[petsc-users] crash with PCASM in parallel
Smith, Barry F.
bsmith at mcs.anl.gov
Sat Nov 25 16:03:09 CST 2017
I cannot find that routine
~/Src/petsc ((v3.6.4)) arch-basic
$ git grep MatDestroy_MPIBAIJ_MatGetSubmatrices
~/Src/petsc ((v3.6.4)) arch-basic
$ git checkout v3.7.5
Previous HEAD position was 401b1b531b... Increase patchlevel to 3.6.4
HEAD is now at b827f1350a... Increase patchlevel to 3.7.5
~/Src/petsc ((v3.7.5)) arch-basic
$ git grep MatDestroy_MPIBAIJ_MatGetSubmatrices
~/Src/petsc ((v3.7.5)) arch-basic
$ git checkout v3.7.0
error: pathspec 'v3.7.0' did not match any file(s) known to git.
~/Src/petsc ((v3.7.5)) arch-basic
$ git checkout v3.7
Previous HEAD position was b827f1350a... Increase patchlevel to 3.7.5
HEAD is now at ae618e6989... release: set v3.7 strings
~/Src/petsc ((v3.7)) arch-basic
$ git grep MatDestroy_MPIBAIJ_MatGetSubmatrices
~/Src/petsc ((v3.7)) arch-basic
$ git checkout v3.8
Previous HEAD position was ae618e6989... release: set v3.7 strings
HEAD is now at 0e50f9e530... release: set v3.8 strings
~/Src/petsc ((v3.8)) arch-basic
$ git grep MatDestroy_MPIBAIJ_MatGetSubmatrices
~/Src/petsc ((v3.8)) arch-basic
Are you using a the PETSc git repository and some particular branch or commit in it?
> On Nov 25, 2017, at 11:09 AM, Daniel Stone <daniel.stone at opengosim.com> wrote:
>
> Thanks for the quick response.
>
> I tried Valgrind. Apart from a couple of other warnings in other parts of my code, now fixed, it shows the same stack I described:
> ==22498== Invalid read of size 4
> ==22498== at 0x55A5BFF: MatDestroy_MPIBAIJ_MatGetSubmatrices (baijov.c:609)

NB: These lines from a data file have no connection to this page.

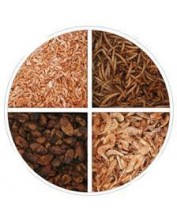 Szárított lárva mix (selyemhernyó, lisztkukac, garnéla, gammarus) 2500 ml ( 500 g )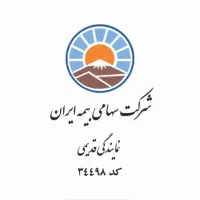 همکار خانم مسلط به سیستم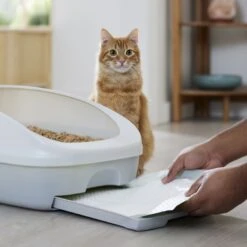 Frisco Cat Litter Pads, Scented -Frisco 309828 PT5. AC SS1800 V1675280050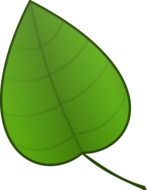 small green leaf as a drawing
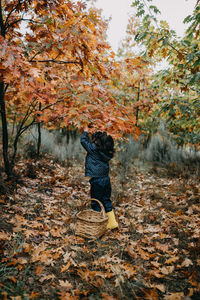 Child picking autumn leaves from tree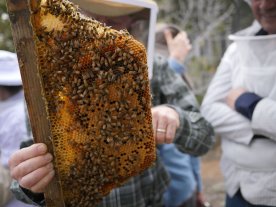 RTU zinātnieks Latvijas Radio stāsta par autonomo biškopības uzraudzības sistēmu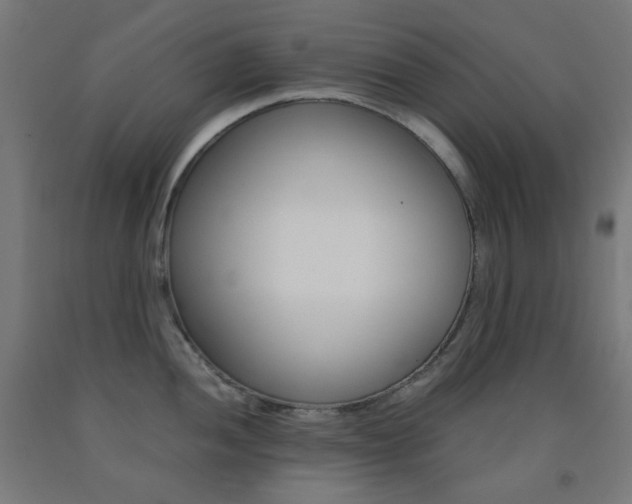 X0000093231052200709261505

> ==22498== by 0x538A206: MatDestroy (matrix.c:1168)
> ==22498== by 0x5F21F2F: PCSetUp_ILU (ilu.c:162)
> ==22498== by 0x604898A: PCSetUp (precon.c:924)
> ==22498== by 0x6189005: KSPSetUp (itfunc.c:379)
> ==22498== by 0x618AB57: KSPSolve (itfunc.c:599)
> ==22498== by 0x5FD4816: PCApply_ASM (asm.c:485)
> ==22498== by 0x604204C: PCApply (precon.c:458)
> ==22498== by 0x6055C76: pcapply_ (preconf.c:223)
> ==22498== by 0x42F500: __cpr_linsolver_MOD_cprapply (cpr_linsolver.F90:419)
> ==22498== by 0x5F42431: ourshellapply (zshellpcf.c:41)
> ==22498== by 0x5F3697A: PCApply_Shell (shellpc.c:115)
> ==22498== by 0x604204C: PCApply (precon.c:458)
> ==22498== by 0x61B74E7: KSP_PCApply (kspimpl.h:251)
> ==22498== by 0x61B83C3: KSPInitialResidual (itres.c:67)
> ==22498== by 0x6104EF9: KSPSolve_BCGS (bcgs.c:44)
> ==22498== by 0x618B77E: KSPSolve (itfunc.c:656)
> ==22498== by 0x62BB02D: SNESSolve_NEWTONLS (ls.c:224)
> ==22498== by 0x6245706: SNESSolve (snes.c:3967)
> ==22498== by 0x6265A58: snessolve_ (zsnesf.c:167)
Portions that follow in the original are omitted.